Records contained in a dataset »
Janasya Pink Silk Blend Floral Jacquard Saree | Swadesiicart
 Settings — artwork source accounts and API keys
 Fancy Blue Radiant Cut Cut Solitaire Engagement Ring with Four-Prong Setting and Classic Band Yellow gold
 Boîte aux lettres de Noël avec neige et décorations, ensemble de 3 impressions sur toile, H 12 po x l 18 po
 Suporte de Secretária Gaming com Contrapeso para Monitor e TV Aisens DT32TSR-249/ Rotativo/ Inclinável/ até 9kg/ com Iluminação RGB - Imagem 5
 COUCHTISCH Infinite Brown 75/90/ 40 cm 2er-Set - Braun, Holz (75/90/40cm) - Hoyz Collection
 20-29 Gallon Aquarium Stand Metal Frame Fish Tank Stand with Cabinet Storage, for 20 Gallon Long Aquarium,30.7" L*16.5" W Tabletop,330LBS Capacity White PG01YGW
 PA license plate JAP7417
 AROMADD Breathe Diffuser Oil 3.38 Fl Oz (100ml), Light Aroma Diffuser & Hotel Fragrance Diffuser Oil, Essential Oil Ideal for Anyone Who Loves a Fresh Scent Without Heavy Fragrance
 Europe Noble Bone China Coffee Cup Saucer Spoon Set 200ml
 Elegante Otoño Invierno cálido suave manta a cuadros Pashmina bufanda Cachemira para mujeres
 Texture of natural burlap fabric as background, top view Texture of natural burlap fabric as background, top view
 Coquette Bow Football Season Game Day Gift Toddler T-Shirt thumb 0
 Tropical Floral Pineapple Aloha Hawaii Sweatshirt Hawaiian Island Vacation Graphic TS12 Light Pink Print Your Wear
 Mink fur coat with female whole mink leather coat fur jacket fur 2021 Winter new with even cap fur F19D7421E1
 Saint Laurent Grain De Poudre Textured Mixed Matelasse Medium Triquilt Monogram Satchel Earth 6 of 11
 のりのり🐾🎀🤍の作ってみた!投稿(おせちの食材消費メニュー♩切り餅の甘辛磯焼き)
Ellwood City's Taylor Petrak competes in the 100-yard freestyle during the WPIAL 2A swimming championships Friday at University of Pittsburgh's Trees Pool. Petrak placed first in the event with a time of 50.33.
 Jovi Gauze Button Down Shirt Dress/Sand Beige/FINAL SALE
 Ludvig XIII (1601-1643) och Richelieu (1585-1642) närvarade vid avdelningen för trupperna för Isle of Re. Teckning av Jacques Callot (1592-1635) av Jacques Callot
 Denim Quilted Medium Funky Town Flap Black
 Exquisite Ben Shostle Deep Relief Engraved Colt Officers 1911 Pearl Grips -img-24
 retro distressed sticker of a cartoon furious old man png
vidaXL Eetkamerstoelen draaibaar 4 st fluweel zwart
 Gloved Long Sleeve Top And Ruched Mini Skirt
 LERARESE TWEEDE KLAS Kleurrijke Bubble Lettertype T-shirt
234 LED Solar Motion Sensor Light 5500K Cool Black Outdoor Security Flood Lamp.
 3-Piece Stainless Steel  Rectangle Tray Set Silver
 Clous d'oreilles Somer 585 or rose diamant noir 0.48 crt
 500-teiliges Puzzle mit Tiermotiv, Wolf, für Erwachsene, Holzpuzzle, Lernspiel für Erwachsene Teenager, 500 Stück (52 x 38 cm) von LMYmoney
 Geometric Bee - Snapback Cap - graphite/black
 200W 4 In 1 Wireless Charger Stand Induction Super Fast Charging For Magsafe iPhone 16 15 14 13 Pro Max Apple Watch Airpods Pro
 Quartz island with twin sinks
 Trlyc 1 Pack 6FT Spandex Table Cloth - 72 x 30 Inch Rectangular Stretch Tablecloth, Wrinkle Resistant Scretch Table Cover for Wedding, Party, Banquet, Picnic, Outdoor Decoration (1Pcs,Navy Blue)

Work request »
Within the entries, find all lines that contain "Medium" and copy each one.

Written answer »
 Saint Laurent Grain De Poudre Textured Mixed Matelasse Medium Triquilt Monogram Satchel Earth 6 of 11
 Denim Quilted Medium Funky Town Flap Black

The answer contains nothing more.